LINCOLN SNACKS COMPANY
CONVERTIBLE SUBORDINATED DEBENTURE
----------------------------------
$5,000,000 As of April 1, 1999
Stamford, Connecticut
FOR VALUE RECEIVED, the undersigned, LINCOLN SNACKS COMPANY, a Delaware
corporation (the "Maker"), promises to pay to BRYNWOOD PARTNERS III L.P., a
Delaware limited partnership (the "Holder"), or order, at its office at Two
Soundview Avenue, Greenwich, Connecticut, or at such other place as the Holder
may designate, the amount of Five Million Dollars ($5,000,000) (the "Principal
Amount"), in lawful money of the United States of America, together with
interest on the unpaid balance of this Debenture, at the rates and upon the
terms set forth as follows:
1. PRINCIPAL. The Maker will pay the Holder the entire principal amount
of this Debenture on December 31, 2001 (the "Maturity Date").
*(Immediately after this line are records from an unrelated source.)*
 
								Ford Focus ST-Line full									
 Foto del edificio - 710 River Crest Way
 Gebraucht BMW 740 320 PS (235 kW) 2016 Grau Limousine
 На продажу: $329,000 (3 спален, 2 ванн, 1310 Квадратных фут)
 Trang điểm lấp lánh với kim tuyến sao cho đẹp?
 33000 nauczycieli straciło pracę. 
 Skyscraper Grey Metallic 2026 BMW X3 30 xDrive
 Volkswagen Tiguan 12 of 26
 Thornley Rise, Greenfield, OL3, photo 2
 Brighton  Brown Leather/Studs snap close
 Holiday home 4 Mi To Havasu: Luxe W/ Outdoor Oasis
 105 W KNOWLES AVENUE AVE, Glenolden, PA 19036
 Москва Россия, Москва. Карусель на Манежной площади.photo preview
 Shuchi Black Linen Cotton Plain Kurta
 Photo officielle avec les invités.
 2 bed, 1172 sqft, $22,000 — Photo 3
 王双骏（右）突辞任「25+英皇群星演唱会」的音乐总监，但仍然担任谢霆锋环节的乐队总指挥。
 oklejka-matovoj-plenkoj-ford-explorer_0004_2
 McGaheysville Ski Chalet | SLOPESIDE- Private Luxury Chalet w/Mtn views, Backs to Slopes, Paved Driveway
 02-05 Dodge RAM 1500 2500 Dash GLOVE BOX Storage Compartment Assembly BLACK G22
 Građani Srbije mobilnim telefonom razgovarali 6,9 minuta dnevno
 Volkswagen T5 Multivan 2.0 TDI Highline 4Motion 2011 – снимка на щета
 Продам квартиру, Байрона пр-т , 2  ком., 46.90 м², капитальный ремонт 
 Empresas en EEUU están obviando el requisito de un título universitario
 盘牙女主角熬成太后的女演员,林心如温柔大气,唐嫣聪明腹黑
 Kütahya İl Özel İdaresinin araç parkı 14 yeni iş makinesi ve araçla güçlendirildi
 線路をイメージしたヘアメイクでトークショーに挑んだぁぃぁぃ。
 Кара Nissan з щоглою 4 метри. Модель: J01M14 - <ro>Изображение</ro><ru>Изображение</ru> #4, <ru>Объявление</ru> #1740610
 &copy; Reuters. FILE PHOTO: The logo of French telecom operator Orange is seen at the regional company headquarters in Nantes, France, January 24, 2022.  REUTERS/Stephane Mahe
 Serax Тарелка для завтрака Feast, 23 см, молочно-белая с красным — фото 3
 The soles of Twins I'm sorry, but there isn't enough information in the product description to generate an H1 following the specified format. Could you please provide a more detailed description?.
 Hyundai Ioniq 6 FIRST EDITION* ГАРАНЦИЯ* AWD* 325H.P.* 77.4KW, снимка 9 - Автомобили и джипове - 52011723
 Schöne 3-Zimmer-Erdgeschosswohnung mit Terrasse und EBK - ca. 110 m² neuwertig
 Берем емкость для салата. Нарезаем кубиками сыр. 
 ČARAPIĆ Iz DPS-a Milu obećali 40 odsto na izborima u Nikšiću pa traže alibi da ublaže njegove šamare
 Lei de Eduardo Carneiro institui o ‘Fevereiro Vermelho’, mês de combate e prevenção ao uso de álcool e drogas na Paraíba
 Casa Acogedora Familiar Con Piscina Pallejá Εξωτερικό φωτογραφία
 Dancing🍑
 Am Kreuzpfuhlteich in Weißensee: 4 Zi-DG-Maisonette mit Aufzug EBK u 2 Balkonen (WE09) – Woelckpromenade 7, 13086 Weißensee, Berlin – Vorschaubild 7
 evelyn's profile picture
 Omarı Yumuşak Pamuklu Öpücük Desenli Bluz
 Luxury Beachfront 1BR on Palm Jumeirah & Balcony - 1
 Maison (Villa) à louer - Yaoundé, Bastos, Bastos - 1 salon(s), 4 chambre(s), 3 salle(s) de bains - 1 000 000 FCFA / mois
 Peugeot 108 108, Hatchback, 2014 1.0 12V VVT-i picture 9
2. INTEREST. The principal balance hereof from time to time remaining
unpaid and outstanding from and after the date hereof shall bear simple interest
at the rate of 6% per annum. In the event the unpaid principal balance or
interest accrued on this Debenture is not paid when due, such amount of accrued
interest shall bear interest at the rate of 9% per annum. During the term of
this Debenture, the Maker will pay interest quarterly in arrears (calculated on
the actual number of days elapsed over a year of 365 days) based on the
outstanding principal amount of this Debenture.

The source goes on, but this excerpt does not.